Given that these three legacies are now under threat, a new look at Bevin is timely. It arrived in 2021: Ernest Bevin: Labour's Churchill, by Andrew (Lord) Adonis, a strong New Labour figure and himself a Minister in the 200s. I have some reservations about this book (not least the title). But it is well worth reading. It isn’t the first Bevin biography; there are several, including Alan Bullock’s mighty three-volume account. For the casual reader, there’s Mark Stephens’s short book Ernest Bevin, written to mark Bevin’s centenary. However, Bullock’s would probably be too much for most readers. Stephens’s book is concise, but it was published by the T&G itself and is not especially critical (though it’s not a hagiography – and it is very well-written). Adonis’s book is short and lively enough to be readable. And it’s even-handed; Adonis clearly admires Bevin, but he is sometimes very critical, especially of Bevin’s period as Foreign Secretary.

The book is mostly not based on primary sources. Adonis draws heavily on the previous biographies (including Bullock’s) and other books germane to the period. I think that’s fine. He’s clearly trying to project a readable image of Bevin, not find out what he had for breakfast on a given day. Now and then he does rely rather heavily on one source. One chapter is partly an extract from the memoirs of Nicholas Henderson, who worked for Bevin at the Foreign Office and was later Ambassador to Washington. Adonis will certainly have sought permission for this, and it does add important background. But although he is scrupulous about quoting sources, they are sometimes hard to check as there is no reference list – an odd oversight.

Adonis credits Bevin with a great deal. The early parts of this book depict a determined man who was not expected, by background, to amount to much, but whose determination, occasional ruthlessness, showmanship and humour helped build a truly national trade union movement where none had existed. Then he became wartime Minister of Labour, and later the first postwar Foreign Secretary – both crucial roles at a time when things could have gone very wrong. In Bevin’s hands they mostly didn’t. Adonis also shows us someone who, although ruthless, could be very loyal. He always was to Attlee, and did much to buffer the rampant egotists in Cabinet who would have liked Attlee’s job – one which Bevin himself never sought. He must thus be credited at least in part with the stability and success of Attlee’s government, the more so as Attlee’s own personality sometimes did not help him.

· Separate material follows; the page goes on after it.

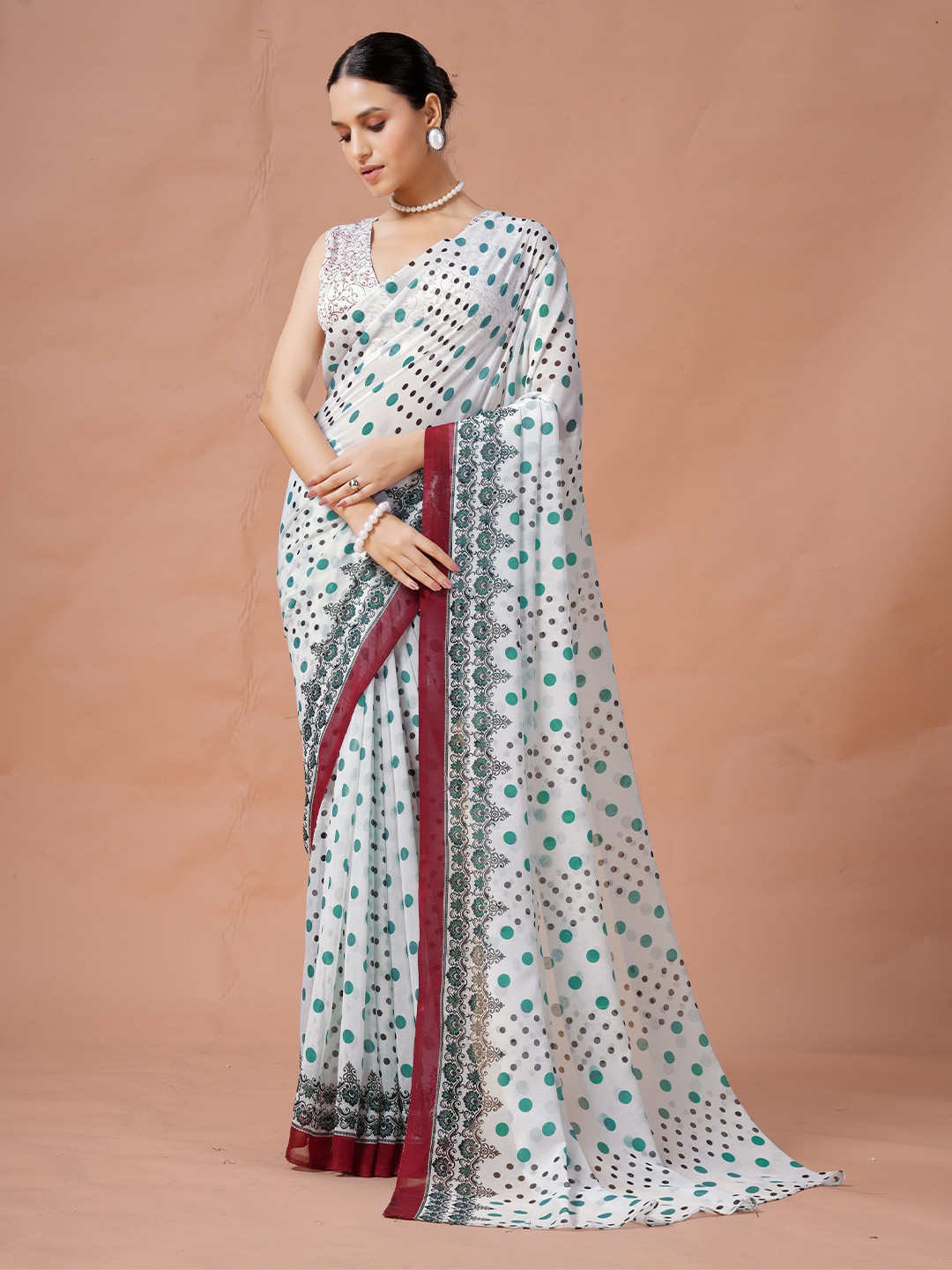 Garden Vareli Polka Dot Print Pure Georgette Saree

Adonis also states that Bevin stiffened Western resistance to Stalin more or less alone, getting – he says – little help from a rather supine Truman administration. There is probably much truth in this. Truman’s Secretary of State was James F. Byrne, a Southern Democrat who had had a long and ambivalent career. He had been a segregationist in his native South Carolina but had also crossed swords with the Klu Klux Klan, and would do so again as the State’s Governor in the 1950s. He had also been a New Dealer and had opposed isolationism in the 1930s. But he was indeed ‘soft’ on Stalin; other sources also confirm this. In fact, Truman himself was worried about this, and sacked him in January 1947. Still, Adonis is very persuasive in arguing that Bevin helped forge a united Western front against Stalinism. He argues that Bevin’s background in union activism greatly influenced the way he saw Hitler in the 1930s and later saw Stalin, as his international union contacts meant he could see what fascist governments did to unionists in the 1930s. But was also keenly aware of communist tactics in the union movement, and loathed those as well.

I wonder if Bevin’s instant distrust of Stalin was also just native shrewdness. Bevin was no fool and knew a stinker when he met one. Also, Adonis doesn’t really discuss the poor relationship between the UK and the US immediately after the war and the US dislike and distrust of British imperialism. But they were important context for what happened in 1945-48. Even so, I think Adonis is on the money. Not all Labour MPs were happy with what they saw as Bevin’s warmongering, but his contribution to Western peace and security was immeasurable.

But Adonis is hard on Bevin in some respects, noting again that he did not like opposition. He is also very critical of some aspects of Bevin’s tenure at the Foreign Office. He takes a rather black-and-white view sometimes. Thus he is merciless in judging Bevin’s handling of Palestine. It is true that, on Bevin’s watch, Britain’s mandate over Palestine ended very badly. People in the region are still paying the price. But it is not always clear what Adonis thinks Bevin should have done. After all, the problem preceded Bevin and has not been solved since.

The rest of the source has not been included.